A day after defending his right to hold campaign events in the midst of spikes in coronavirus cases, Vice President Pence and the Trump campaign are postponing two events he was to headline next week in Florida and Arizona.
The states are two of the hardest hit in recent days, and health officials have encouraged people to avoid large in-person gatherings. The events have been postponed "out of an abundance of caution," two campaign officials told NPR.
It's a remarkable reversal for Pence, who on Friday forcefully defended his plan to move forward with the campaign events.

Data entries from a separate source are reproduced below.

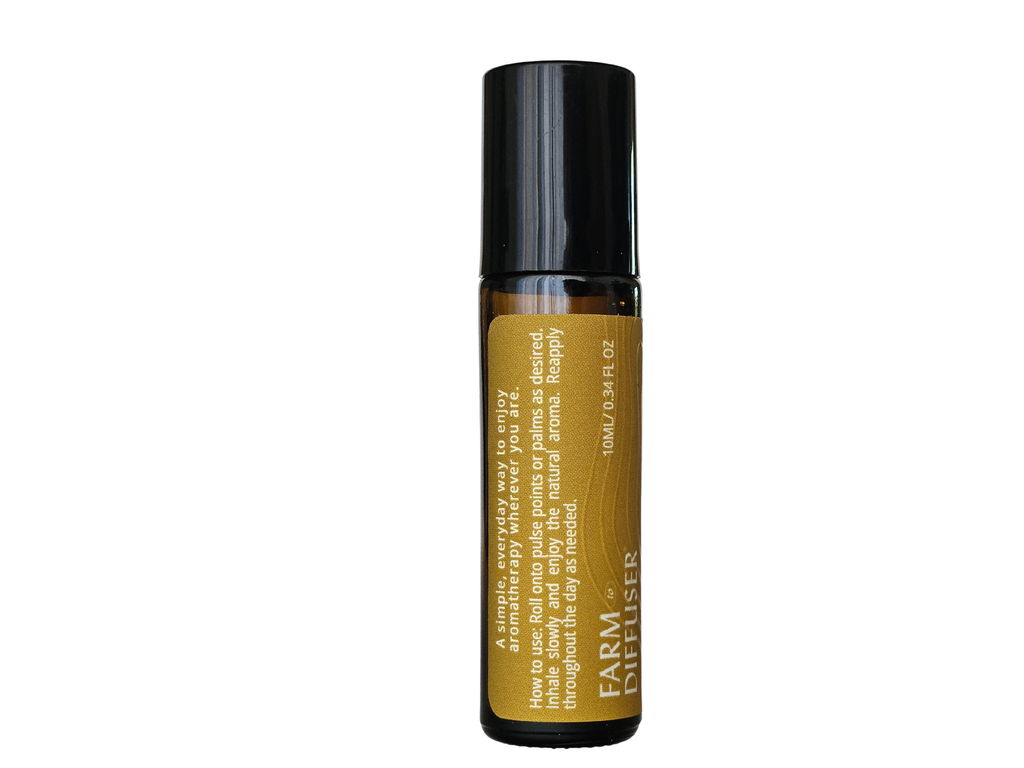 RENEW aromatherapy roll-on with frankincense rosewood bergamot mandarin in sweet almond oil | Farm to Diffuser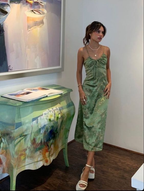 Vintage Green Floral Printed Satin Spaghetti Strap Midi Length Party Dress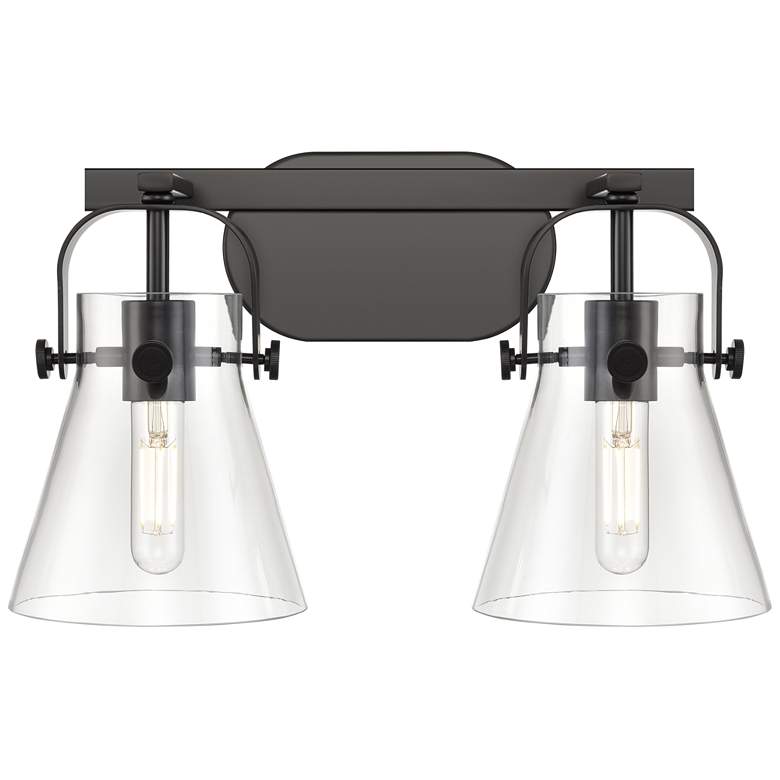 Image 1 Pilaster II Cone 17" Wide 2 Light Matte Black Bath Light With Clear Sh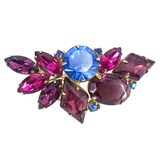Juliana D&E Rhinestone Brooch Fuchsia Purple And Blue 2.5" – Rare collectible vintage item 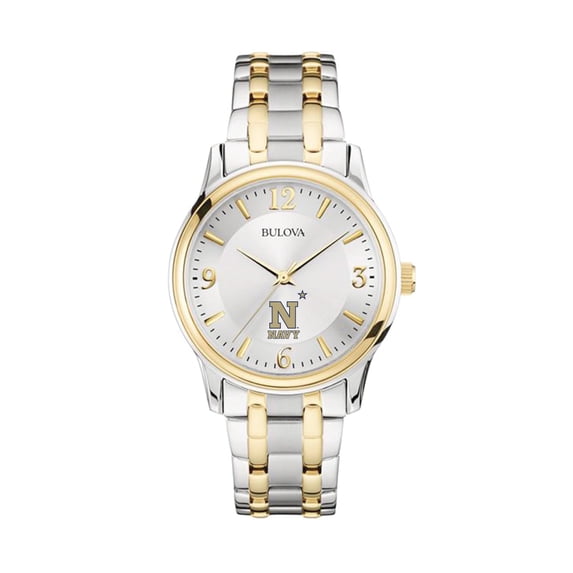 Bulova Silver/Gold Navy Midshipmen Classic Two-Tone Round Watch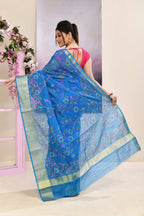 Piyari Fashion Women's Sky Blue Embellished Cotton Blend Printed Saree | Grocsy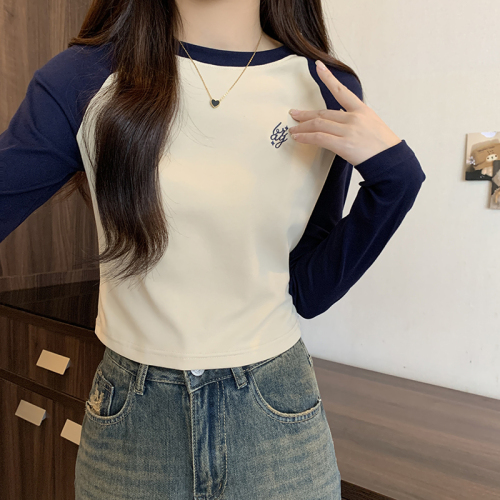 Real shot of spliced ​​embroidered T-shirt long-sleeved early spring new versatile raglan sleeves right shoulder bottoming short top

"We still want to give people the freedom to participate in the political process," Pence said when reporters pressed him at the first White House Coronavirus Task Force briefing in two months. "Freedom of speech and the right to peacefully assemble is enshrined in the Constitution of the United States. And even in a health crisis the American people don't forfeit our constitutional rights."
A White House official said that Pence still plans to travel next week to Texas, Florida and Arizona to meet with the state's governors and health teams. The U.S. hit a single-day record for new cases of coronavirus on Friday, with more than 45,000 new cases reported. Those numbers were driven in part by Arizona, Texas and Florida, which continue setting records.
There have been no changes announced about Pence's planned appearance at the Celebrate Freedom Sunday event at First Baptist Church in Dallas. He is the featured speaker at the event that says it will "celebrate our freedom as Americans and our freedom in Christ with you through worship," including patriotic music and a salute to the armed forces. The website for the event says, "Masks and social distancing are strongly encouraged while on the campus of First Baptist Dallas."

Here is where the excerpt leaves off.